◆ **Assigned task**
For this exercise, reproduce the entries below exactly, but only from the line containing "Deundre Indoor Rug" through the line containing "syngap research fund (srf)", both included.

Short descriptive text snippets

────────

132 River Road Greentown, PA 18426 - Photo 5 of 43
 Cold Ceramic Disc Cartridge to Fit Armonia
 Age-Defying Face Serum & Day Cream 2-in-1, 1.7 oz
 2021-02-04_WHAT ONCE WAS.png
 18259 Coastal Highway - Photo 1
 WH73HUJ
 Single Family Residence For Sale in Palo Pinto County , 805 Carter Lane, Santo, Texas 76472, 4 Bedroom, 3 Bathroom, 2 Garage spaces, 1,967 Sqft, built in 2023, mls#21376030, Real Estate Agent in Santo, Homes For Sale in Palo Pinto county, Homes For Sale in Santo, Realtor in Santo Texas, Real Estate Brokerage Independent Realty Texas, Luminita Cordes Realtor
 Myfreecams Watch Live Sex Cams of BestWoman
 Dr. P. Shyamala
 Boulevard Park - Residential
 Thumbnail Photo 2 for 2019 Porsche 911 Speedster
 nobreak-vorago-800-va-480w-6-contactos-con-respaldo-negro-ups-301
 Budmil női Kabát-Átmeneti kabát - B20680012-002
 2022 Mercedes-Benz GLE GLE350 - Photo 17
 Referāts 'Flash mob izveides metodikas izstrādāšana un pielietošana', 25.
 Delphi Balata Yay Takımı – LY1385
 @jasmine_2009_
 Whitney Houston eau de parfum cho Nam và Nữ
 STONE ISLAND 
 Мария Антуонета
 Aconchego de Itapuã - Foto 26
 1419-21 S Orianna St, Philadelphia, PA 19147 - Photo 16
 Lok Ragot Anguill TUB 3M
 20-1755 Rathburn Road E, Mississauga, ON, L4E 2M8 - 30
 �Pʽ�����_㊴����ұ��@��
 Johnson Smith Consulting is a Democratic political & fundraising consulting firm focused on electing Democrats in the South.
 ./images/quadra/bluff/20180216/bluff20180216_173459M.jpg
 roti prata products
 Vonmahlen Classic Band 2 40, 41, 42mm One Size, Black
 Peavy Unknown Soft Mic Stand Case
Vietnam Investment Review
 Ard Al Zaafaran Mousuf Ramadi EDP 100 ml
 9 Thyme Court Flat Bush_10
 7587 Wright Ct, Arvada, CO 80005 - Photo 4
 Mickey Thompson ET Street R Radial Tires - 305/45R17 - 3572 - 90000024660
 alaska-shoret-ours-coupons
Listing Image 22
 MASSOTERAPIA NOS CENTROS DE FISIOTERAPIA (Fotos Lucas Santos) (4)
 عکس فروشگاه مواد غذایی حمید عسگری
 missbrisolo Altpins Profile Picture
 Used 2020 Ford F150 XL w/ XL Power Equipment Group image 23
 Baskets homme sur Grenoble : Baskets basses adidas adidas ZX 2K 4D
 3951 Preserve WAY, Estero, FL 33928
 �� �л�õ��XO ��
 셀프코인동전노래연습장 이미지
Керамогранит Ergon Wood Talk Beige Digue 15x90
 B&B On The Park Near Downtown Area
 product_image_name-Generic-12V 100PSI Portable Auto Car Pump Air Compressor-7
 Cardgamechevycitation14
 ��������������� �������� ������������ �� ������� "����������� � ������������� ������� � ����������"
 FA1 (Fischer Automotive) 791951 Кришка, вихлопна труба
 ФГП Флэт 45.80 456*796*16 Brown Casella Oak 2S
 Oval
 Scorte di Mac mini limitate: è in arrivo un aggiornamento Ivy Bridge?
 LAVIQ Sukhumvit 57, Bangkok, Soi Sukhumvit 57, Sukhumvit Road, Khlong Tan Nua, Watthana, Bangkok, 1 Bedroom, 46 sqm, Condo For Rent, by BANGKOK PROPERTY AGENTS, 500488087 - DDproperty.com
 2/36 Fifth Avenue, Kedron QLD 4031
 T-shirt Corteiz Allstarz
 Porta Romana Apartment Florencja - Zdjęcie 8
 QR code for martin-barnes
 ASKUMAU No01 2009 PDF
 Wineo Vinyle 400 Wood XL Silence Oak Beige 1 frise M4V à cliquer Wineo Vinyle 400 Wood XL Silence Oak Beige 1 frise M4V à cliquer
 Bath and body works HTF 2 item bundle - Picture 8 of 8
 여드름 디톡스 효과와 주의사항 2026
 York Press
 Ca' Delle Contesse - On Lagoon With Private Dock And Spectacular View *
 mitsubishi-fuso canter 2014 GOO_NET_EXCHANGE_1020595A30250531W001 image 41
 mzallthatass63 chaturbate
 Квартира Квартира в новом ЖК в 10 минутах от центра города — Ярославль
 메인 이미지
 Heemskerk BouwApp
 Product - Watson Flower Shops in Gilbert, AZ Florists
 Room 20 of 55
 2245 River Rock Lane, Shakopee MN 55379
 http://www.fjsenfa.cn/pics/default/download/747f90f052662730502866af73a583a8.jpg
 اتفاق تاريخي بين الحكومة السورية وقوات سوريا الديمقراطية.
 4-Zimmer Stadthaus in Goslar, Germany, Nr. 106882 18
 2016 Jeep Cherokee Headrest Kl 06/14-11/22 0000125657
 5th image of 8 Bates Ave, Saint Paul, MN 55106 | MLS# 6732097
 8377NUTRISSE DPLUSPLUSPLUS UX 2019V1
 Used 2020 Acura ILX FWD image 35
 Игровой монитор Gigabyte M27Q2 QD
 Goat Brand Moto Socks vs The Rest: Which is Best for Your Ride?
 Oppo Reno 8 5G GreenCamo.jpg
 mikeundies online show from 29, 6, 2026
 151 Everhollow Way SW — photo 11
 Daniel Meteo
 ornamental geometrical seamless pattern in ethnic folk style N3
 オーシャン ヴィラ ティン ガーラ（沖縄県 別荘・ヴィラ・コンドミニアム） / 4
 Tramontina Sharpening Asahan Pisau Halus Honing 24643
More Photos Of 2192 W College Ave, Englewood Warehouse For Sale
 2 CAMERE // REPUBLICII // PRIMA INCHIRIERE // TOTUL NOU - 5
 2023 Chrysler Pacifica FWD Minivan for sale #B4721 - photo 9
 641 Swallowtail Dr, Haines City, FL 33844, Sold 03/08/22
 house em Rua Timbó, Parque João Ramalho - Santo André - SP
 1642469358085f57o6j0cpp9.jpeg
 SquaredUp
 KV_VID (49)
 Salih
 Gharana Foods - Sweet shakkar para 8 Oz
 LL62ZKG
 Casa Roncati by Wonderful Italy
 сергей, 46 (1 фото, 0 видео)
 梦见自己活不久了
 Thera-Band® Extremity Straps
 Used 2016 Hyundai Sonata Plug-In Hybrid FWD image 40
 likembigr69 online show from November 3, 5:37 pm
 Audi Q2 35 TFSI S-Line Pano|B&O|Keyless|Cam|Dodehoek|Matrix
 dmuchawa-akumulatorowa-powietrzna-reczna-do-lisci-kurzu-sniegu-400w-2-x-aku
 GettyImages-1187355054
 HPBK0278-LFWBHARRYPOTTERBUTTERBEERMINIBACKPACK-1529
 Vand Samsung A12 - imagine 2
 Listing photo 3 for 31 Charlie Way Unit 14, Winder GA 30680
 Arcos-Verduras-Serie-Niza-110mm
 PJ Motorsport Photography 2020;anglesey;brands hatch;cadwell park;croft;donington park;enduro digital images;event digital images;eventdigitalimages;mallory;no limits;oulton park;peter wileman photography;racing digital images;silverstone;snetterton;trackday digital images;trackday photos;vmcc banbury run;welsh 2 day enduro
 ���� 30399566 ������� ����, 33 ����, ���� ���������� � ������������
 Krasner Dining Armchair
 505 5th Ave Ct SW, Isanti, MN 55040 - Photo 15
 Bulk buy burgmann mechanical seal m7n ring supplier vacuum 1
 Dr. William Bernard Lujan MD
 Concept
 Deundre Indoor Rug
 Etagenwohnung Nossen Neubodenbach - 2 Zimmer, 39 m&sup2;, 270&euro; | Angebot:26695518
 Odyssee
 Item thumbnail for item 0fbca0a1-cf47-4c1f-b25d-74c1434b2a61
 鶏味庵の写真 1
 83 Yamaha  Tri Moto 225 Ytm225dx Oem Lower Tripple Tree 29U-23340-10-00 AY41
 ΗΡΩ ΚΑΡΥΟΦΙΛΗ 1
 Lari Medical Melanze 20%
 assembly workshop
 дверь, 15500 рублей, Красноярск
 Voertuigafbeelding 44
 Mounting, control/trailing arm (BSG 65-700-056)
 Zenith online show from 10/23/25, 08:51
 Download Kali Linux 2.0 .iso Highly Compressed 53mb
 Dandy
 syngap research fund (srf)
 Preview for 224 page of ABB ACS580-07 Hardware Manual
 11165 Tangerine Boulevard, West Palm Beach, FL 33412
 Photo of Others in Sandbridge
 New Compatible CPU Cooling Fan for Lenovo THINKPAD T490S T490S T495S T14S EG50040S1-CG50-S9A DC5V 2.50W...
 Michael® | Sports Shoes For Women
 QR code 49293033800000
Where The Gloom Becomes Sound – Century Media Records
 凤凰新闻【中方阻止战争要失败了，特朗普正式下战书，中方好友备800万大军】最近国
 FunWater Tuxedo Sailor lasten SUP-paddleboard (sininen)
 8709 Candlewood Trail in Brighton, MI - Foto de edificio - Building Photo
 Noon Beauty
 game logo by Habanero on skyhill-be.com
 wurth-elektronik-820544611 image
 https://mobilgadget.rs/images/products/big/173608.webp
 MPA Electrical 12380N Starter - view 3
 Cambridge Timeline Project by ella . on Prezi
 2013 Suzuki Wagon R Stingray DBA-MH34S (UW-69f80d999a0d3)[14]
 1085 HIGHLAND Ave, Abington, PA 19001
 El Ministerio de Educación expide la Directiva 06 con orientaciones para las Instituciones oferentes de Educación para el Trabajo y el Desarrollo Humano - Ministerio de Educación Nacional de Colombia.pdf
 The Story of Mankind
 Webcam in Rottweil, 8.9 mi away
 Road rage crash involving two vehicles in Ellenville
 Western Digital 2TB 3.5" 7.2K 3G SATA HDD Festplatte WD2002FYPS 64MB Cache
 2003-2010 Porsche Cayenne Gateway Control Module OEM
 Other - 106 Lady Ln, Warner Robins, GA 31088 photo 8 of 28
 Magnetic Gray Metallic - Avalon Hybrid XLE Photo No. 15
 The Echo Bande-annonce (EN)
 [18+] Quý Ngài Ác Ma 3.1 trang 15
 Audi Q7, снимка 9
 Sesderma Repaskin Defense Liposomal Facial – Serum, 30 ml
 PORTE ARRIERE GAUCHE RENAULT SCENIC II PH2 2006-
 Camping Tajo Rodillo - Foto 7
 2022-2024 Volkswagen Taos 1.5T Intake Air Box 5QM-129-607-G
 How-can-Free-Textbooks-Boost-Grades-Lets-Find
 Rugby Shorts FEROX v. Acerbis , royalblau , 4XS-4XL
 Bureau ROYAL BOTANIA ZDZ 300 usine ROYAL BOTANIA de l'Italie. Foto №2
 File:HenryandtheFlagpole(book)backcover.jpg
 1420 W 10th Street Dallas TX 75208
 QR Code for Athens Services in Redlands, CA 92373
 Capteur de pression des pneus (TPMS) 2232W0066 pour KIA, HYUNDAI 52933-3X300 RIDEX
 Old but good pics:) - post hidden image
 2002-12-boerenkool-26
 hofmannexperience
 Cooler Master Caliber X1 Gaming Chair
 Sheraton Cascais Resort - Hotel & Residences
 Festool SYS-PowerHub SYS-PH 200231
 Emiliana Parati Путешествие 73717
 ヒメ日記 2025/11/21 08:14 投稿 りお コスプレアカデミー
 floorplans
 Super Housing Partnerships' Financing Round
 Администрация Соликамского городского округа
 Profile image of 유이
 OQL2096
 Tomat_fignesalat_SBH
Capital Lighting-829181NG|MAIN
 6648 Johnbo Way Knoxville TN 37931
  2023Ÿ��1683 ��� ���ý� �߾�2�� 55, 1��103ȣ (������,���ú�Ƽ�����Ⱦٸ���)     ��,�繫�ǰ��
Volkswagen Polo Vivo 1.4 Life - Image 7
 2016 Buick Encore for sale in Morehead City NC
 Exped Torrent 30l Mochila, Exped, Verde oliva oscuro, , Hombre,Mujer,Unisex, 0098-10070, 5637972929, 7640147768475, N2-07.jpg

────────

◆ **Response**
 Deundre Indoor Rug
 Etagenwohnung Nossen Neubodenbach - 2 Zimmer, 39 m&sup2;, 270&euro; | Angebot:26695518
 Odyssee
 Item thumbnail for item 0fbca0a1-cf47-4c1f-b25d-74c1434b2a61
 鶏味庵の写真 1
 83 Yamaha  Tri Moto 225 Ytm225dx Oem Lower Tripple Tree 29U-23340-10-00 AY41
 ΗΡΩ ΚΑΡΥΟΦΙΛΗ 1
 Lari Medical Melanze 20%
 assembly workshop
 дверь, 15500 рублей, Красноярск
 Voertuigafbeelding 44
 Mounting, control/trailing arm (BSG 65-700-056)
 Zenith online show from 10/23/25, 08:51
 Download Kali Linux 2.0 .iso Highly Compressed 53mb
 Dandy
 syngap research fund (srf)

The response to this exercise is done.